DML2015 Ignite Talk - Leora Wolf Prusan
"What happens to teachers when their students are killed due to gang/gun-related violence? How do educators cope and build resilience? What kinds of supports do educators need from one another, from their administration, and from the district?
According to the Center for Disease Control 2013 report, gun violence is the third leading cause of death for youth between the ages 10-24. In Oakland, California, a young person has a 50/50 chance of either experiencing a bullet or going to college. How does this phenomenon impact teachers?
We are paying more and more attention to the impact of chronic community violence on youth. The dialogue in our communities and schools is shifting towards being trauma-informed and aware. Additionally, national attention towards episodes of school violence and gun-related school shootings has also increased.
However the experiences of schools situated in complex, on-going violence continue to be disenfranchised and unheard. Even more so, the educator experience of grappling with students experiencing on-going violence and student-death is less understood and discussed.
This talk discusses the challenges of student death (specifically, gang/gun related---secondary (seen or heard) and tertiary (learning of) student violent gang-related death.) on the teaching, counseling and school leadership practice and what supports educators need to maintain personal and professional health. Based on the first-ever study of 146 urban high school teachers' experience with student violent death, this talk brings to light a conversation point shared by many teachers but discussed and addressed by few.
Audience members will be introduced to seminal research. By engaging in inquiry around what impact educators report experiencing and by creating a space to speak honestly, authentically and bravely about how the death of students and student trauma impacts teachers, we create the opportunity to support educators equitably, justly, and right righteous care.
Each student killed by gang violence demands the same attention, and each educator in the young person’s school community deserves to teach in a culture of radical concern and care.
The hope is to present and construct tools and practices with and for educators to cope and grow through their primary or secondary experiences with student death and community violence. The intention is for the talk, space-holding, and community dialogue to be healing and transformative.

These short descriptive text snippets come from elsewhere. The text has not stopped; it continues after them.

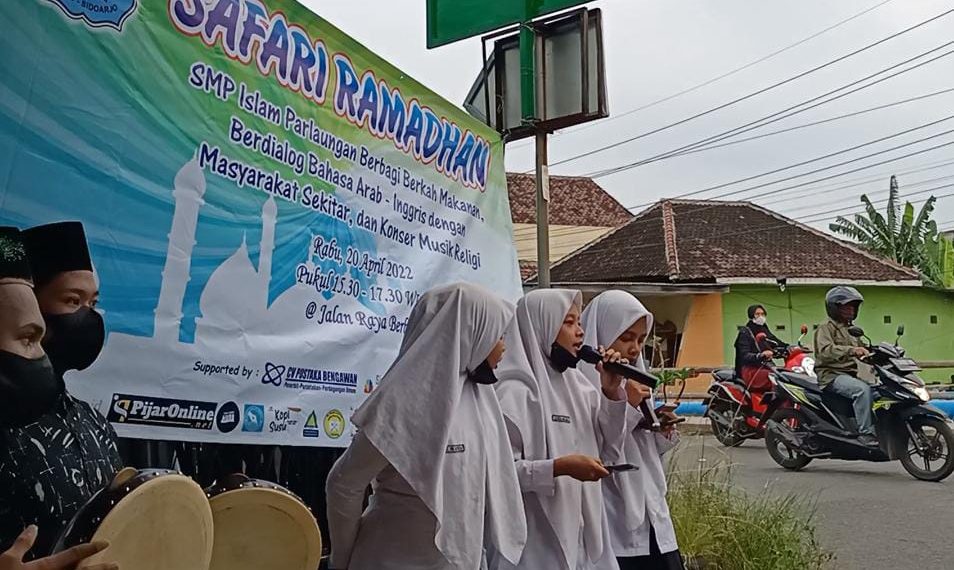 SMP Islam Parlaungan Gelar Safari Ramadhan Berbagi Takjil dan Konser Musik Religi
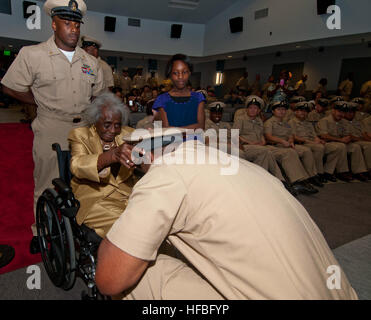 SAN DIEGO (14. September 2012) Chief Aviation Boatswain's Mate (Handling) Andre Hardin hat seine Großmutter, seine Deckung Kombination auferlegen, während ein Chief Petty Officer anheften Zeremonie für die amphibische Schiff USS Peleliu (LHA-5) Chef einberufene. (Foto: U.S. Navy Masse Kommunikation Spezialist Seemann Michael Duran/freigegeben) 120914-N-ZM744-166 Join das Gespräch www.facebook.com/USNavy www.twitter.com/USNavy navylive.dodlive.mil - offizielle US Navy Bilder - A neuer Chef erhält seine Deckung von seiner Großmutter. Stockfoto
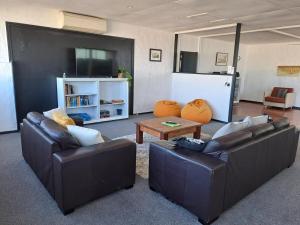 Hastings Retro Apartment - Easy Walk 2 Cafes, Bars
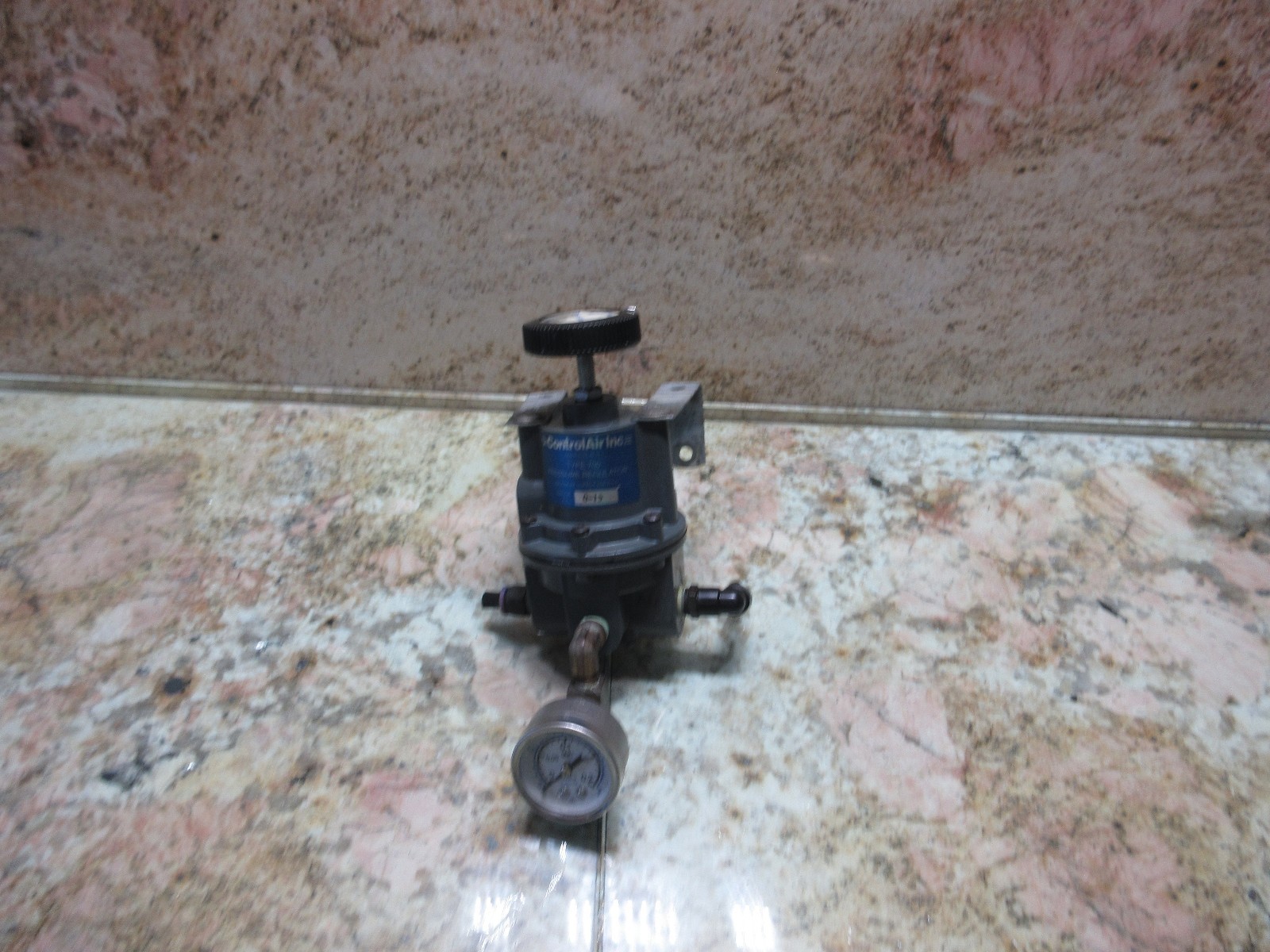 CONTROL AIR INC TYPE 700 PRESSURE REGULATOR 0-15 TONGIL SAEILO MACH 3 CNC MILL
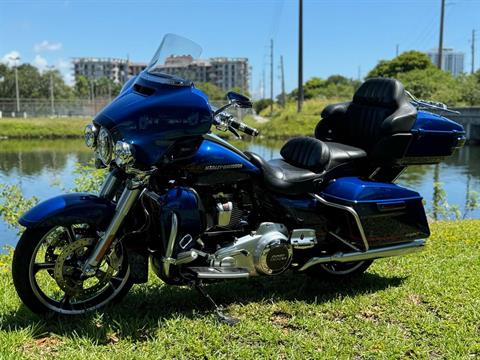 2020 Harley-Davidson CVO™ Limited in North Miami Beach, Florida - Photo 11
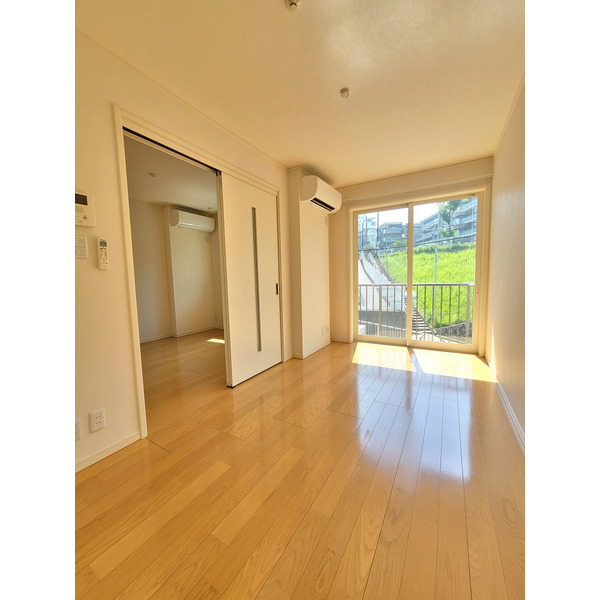 居室・リビング　明るい居間☆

This is a social justice issue at its core: the talk challenges the culture of violence by surfacing counter-narratives of educators, by arming those who support our youth to receive attention and support.
About Leora Wolf-Prusan: Leora is a student support & school climate research associate at WestED; her doctoral research examined the impact of gang/gun related death on urban high school teachers. While a heavy issue, Leora brings light and a sense of urgency to the center of the conversation, allowing audience members to feel inspired by the resilience and strength of educators who carry these experiences and strategies for which we can advocate to make system-level improvement in our school systems. She is a skilled presenter, facilitator, and public speaker."